[TASK STATEMENT] The expected result is the full listing, retyped exactly, without a single picture.

Start of GIVEN INFORMATION

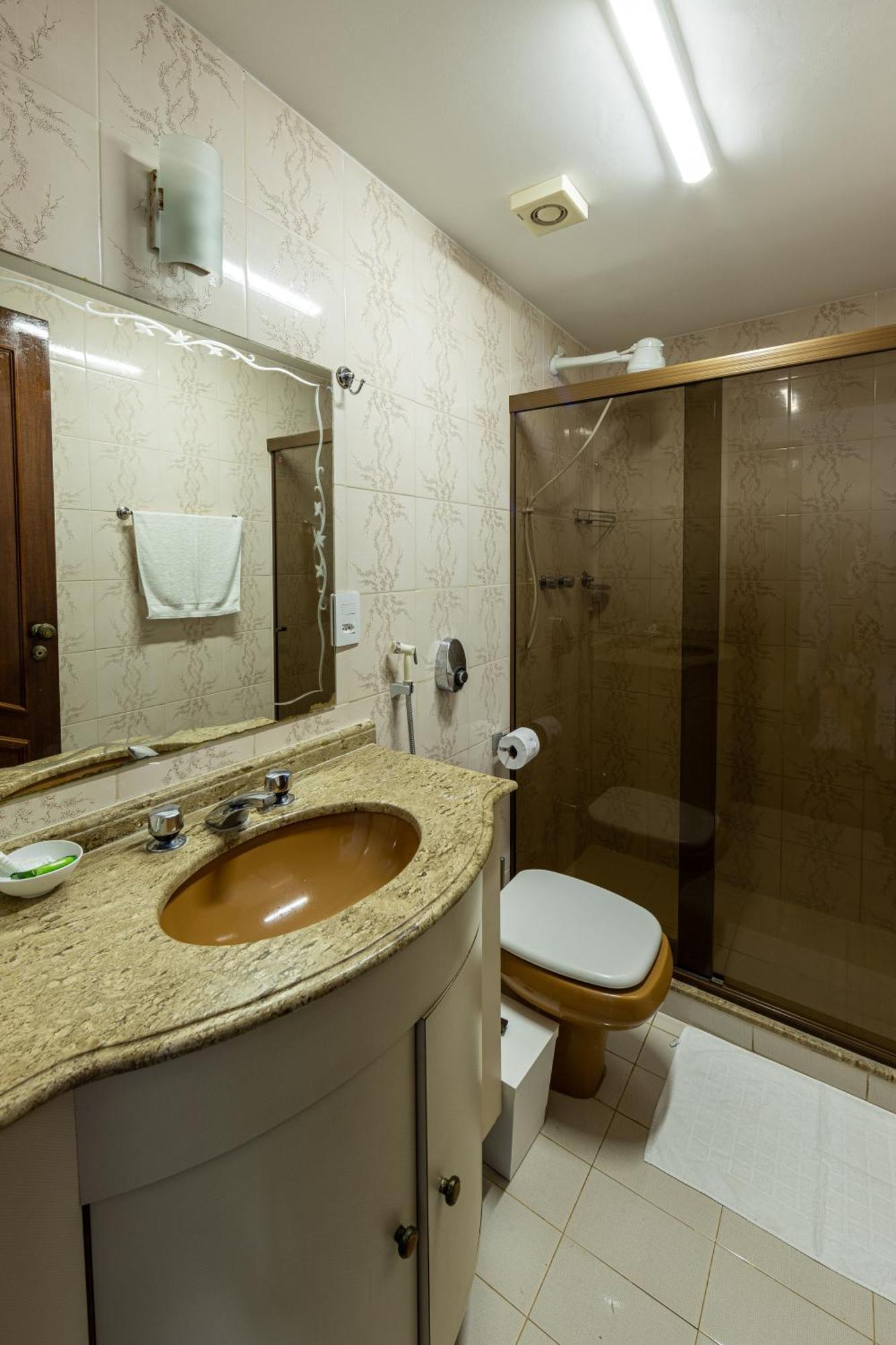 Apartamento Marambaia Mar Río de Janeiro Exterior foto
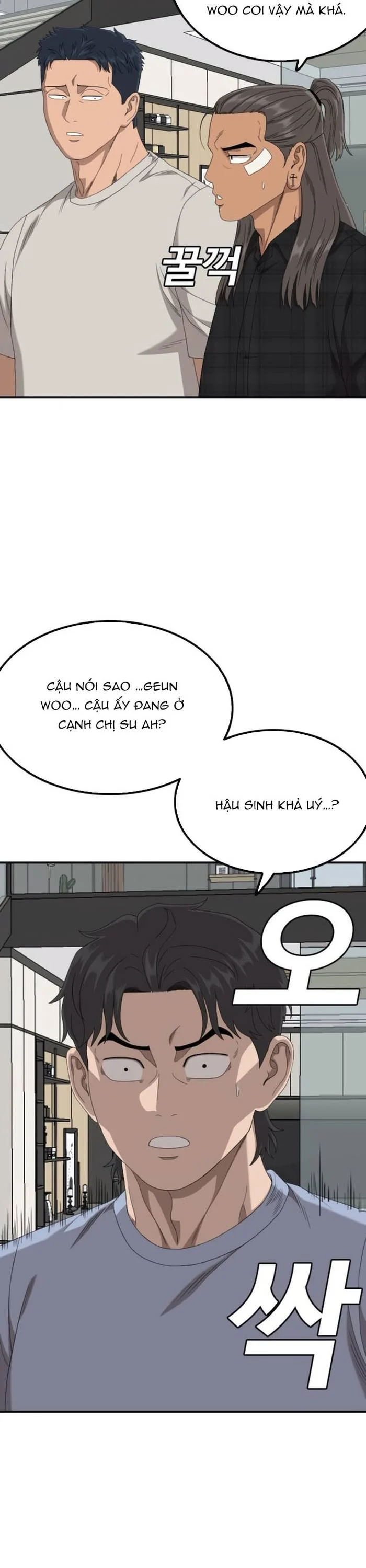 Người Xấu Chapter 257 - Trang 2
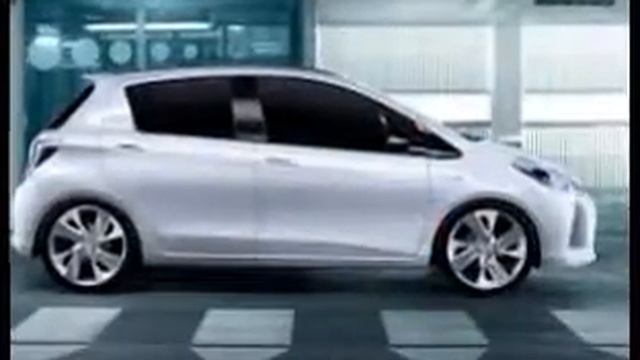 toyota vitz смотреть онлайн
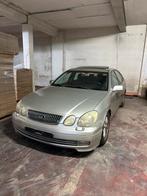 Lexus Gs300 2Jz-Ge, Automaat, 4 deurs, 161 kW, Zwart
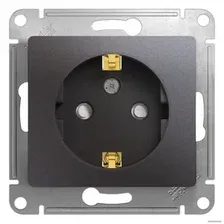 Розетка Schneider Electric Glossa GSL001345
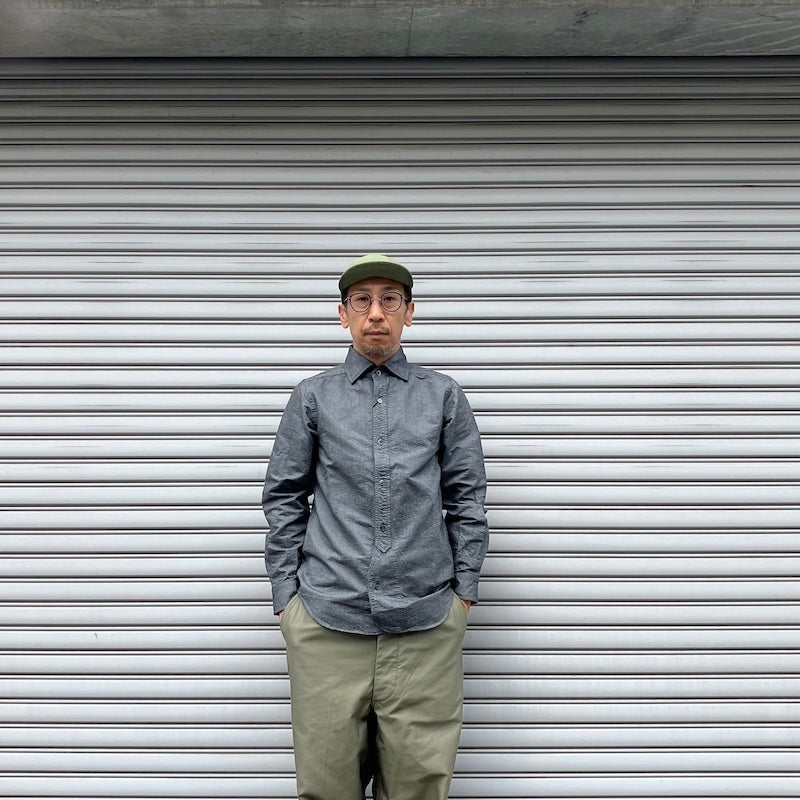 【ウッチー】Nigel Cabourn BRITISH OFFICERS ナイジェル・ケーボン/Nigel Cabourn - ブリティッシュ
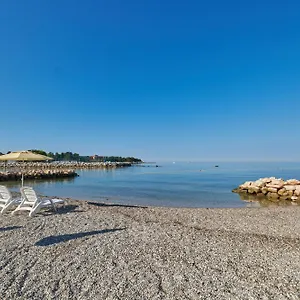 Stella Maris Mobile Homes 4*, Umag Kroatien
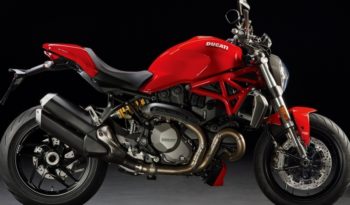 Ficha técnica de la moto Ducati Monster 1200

End of GIVEN INFORMATION

[RESULT OF THE TASK]
 Apartamento Marambaia Mar Río de Janeiro Exterior foto
 Người Xấu Chapter 257 - Trang 2
 toyota vitz смотреть онлайн
 Lexus Gs300 2Jz-Ge, Automaat, 4 deurs, 161 kW, Zwart
 Розетка Schneider Electric Glossa GSL001345
 【ウッチー】Nigel Cabourn BRITISH OFFICERS ナイジェル・ケーボン/Nigel Cabourn - ブリティッシュ
 Stella Maris Mobile Homes 4*, Umag Kroatien
 Ficha técnica de la moto Ducati Monster 1200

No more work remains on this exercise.